This is the second in a series of posts (Previous post: [Community tools] Filenames ) regarding varying issues facing tools that support fan artists, machinima artists, addon authors, fansites and those wanting to get information from sources that are not easily available to the general player.
Introduction
While some of that information is available via the web API, a lot of it is hidden in database tables in the WoW’s DB2 file format (henceforth called DB2s). Even though it is hard to reach, this information is helping many players – of all playstyles – make decisions about their gameplay decisions (such as reading guides on fansites) or is even considered vital in some playstyles, e.g. with the omnipresent simcrafting.
More examples
These files contain information for pretty much all the various systems in WoW. For example, the somewhat complex ItemBonus system which is (still) not supported in the official APIs (and as of last official communication isn’t planned either) but is required to be able to properly show stats and effects on items outside of the game. Information on spells outside of a simple/name description is not available through the API either. The same goes for game/world maps, creature/item model information and much more.
Target audience
Access to DB2s is limited to those who have the resources to maintain, or have access to tools to extract and read them. The amount of publicly available tools that support opening DB2s is very low right now and many aren’t maintained and will likely break the next time the DB2 format is updated with the only hope for someone in the community to come in and update them. DB2 data is used in many different projects that players encounter/use on a daily basis, and if you’re not a project with enough resources (e.g. a hobbyist, like I was when I started out) you’re unlikely to easily have access to this information if one of the public tools were to go away. Blizzard benefits from these projects as players, and even Blizzard, often use or refer to these projects which wouldn’t have been possible without the community doing the work.
How would it work?
One way to go about it is to have it work in a similar way to how the WoW client can export interface files with the console command exportInterfaceFiles on the login screen. Like that, it could also be able to export/dump DB2s into a generic format (e.g. CSV) with a command named something like exportDatabaseFiles/dumpDatabaseFiles/dumpDB2s.

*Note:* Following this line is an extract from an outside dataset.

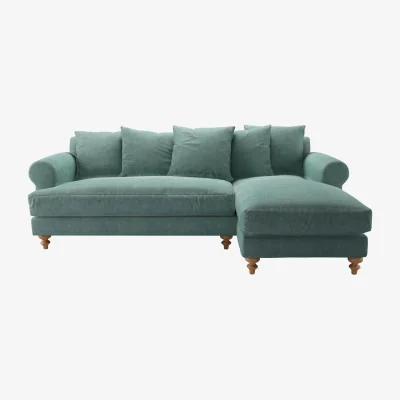 Sofa.com Teddy RHF Chaise Sofa in Sea Spray Aquaclean Clever Chenille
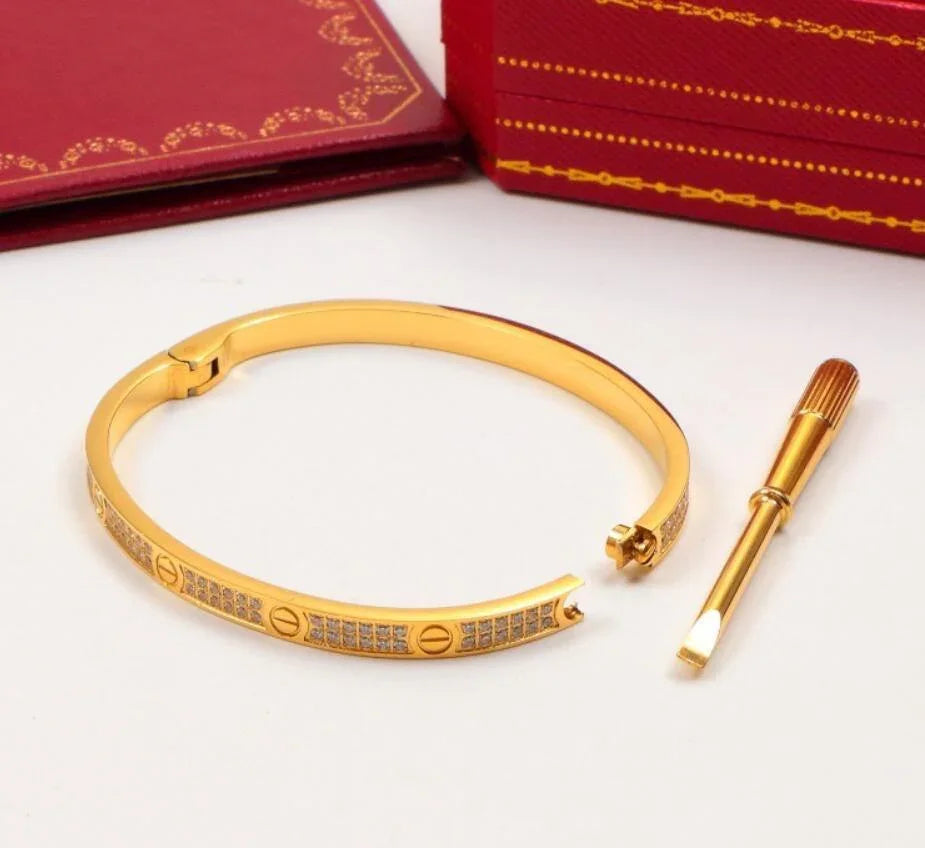 Cartier 18K Gold Plated Jewelry LOVE Bracelet yellow rose silver with Zircon✨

As the game already reads these files, most of the information to do this is already present in the client, with the exception of column names and handling for columns the client doesn’t use. Those two things would have to be added as well as serialization to (for example) CSV.
Additionally, since WoW is already capable of handling various startup arguments (see: starting WoW with -help), this idea as well as the interface export could also be set as a startup argument to allow for better automation instead of having to manually enable the console, toggling it and then entering the command.
Another solution could be to supply table schemas and format definitions/explanations with the game itself in a readable format, it will leave the implementation of reading DB2 files up to the developer in question but it’d be easier compared to relying on reverse engineering and manual analysis of field meanings.
I’m sure there’s other and probably better ways of going about it.
Why not add this to the web-based game data APIs instead?
The game data APIs are rather limited in the information they contain and I think it might be way more work to make all the data from DB2s available in the web APIs, which might be better suited for dynamic data that changes often (like auction house postings, character information, or the feedback from the thread by fellow council member Ortho here: Adding toys (and more) to the WoW API) as well as information only available on the server’s end.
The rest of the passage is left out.